Heritage site in Timiș County, Romania

Topla wooden church is currently located in the premises of the Banat Village Museum in Timișoara, Romania. It is registered in the list of historical monuments (2004) with the code TM-II-m-A-06093.

== History ==
It was built around 1746 in the village of Remetea-Luncă in Timiș County, bearing the patronage of Saints Archangels Michael and Gabriel. In 1806, another church was built in Remetea-Luncă, also made of wood, but more spacious. On this occasion, the old church was given to the village of Topla, located four kilometers to the north. The move was made in later years, using oak rollers pulled by 24 pairs of oxen. The donation is recorded on a gospel kept in the church.

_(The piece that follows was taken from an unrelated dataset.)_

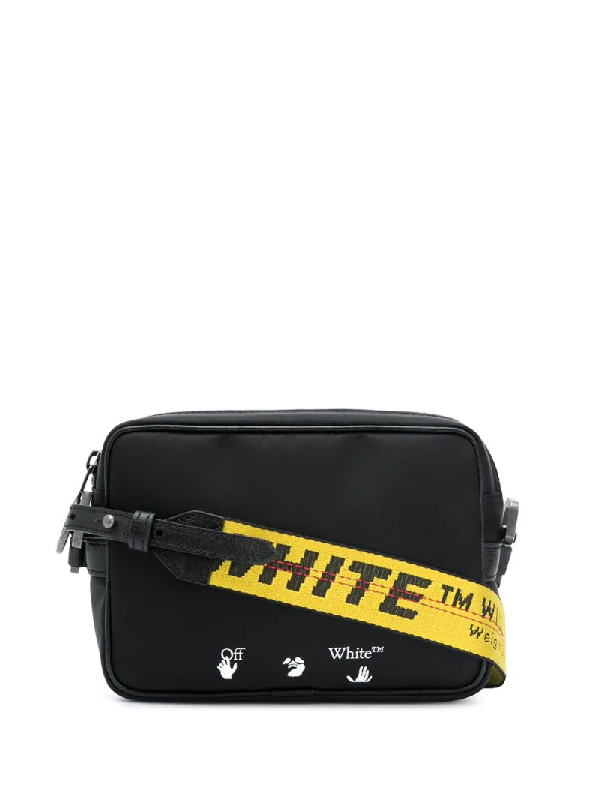 off white purse yellow strap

Due to the depopulation of the village of Topla and the danger of degradation, in the 1980s the first steps to relocate the church began. In 1987 the church was demolished, and in 1992 it was transferred to the Banat Village Museum in Timișoara. Between 1994 and 1996 mounting and restoration work was carried out. But, in 1998, a strong storm brought down the trunk of a tree on top of it, thus needing restoration and consolidation both inside and outside. Then a supporting vault was made along the entire length of the altar and the nave.

The consecration of the church dedicated to the Nativity of the Mother of God took place on 13 April 1997. After this date, the church returned to the purpose for which it was built, becoming an Orthodox parish for the residents of the Green Forest area. Today, the parish has almost 200 families and 500 believers.

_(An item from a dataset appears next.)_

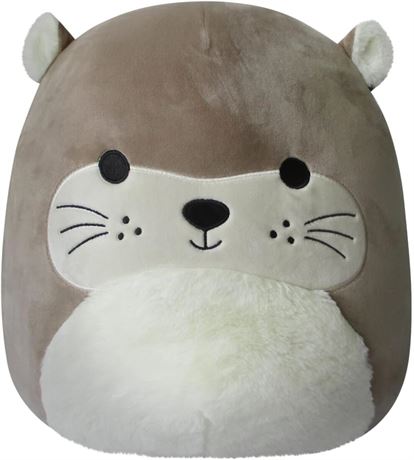 Squishmallows 14-Inch Light Brown Otter with Fuzzy Ears Plush - RIE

The church burned almost completely on the night of 25–26 March 2025. At that time, the church vault was being dismantled for restoration.

== Architecture ==
Topla wooden church is one of the most representative old churches in Banat built in the style of traditional architecture, which is still in operation, along with the other wooden churches in the Făget area, from Zolt, Povârgina, Bătești, Curtea and Românești. It is built of oak beams carved into four sides and placed one on top of the other, having as a base oak soles placed on a stone foundation. The roof is made of shingles, as is the covering of the tower. The wooden belfry, fitted with a 150-kilogram bell, is separate, being placed to the right of the church.

Typologically, it belongs to the series of churches with the apse of the altar uncrossed, keeping the original doors and windows. The western portal is a special artistic achievement, made of parquet boards, arranged in concentric rhombuses and decorated with metal marks. The entire portal appears surrounded by a splendid motif of the torsade, which then continues on the entire outer perimeter of the church in the form of a median belt. The interior painting, still in good condition today, was done in 1807. The iconostasis is made of solid wood with openings carved in the shape of a brace, reminiscent of a decorative motif practiced in Brâncovenesc art. Its painting was probably executed in 1854.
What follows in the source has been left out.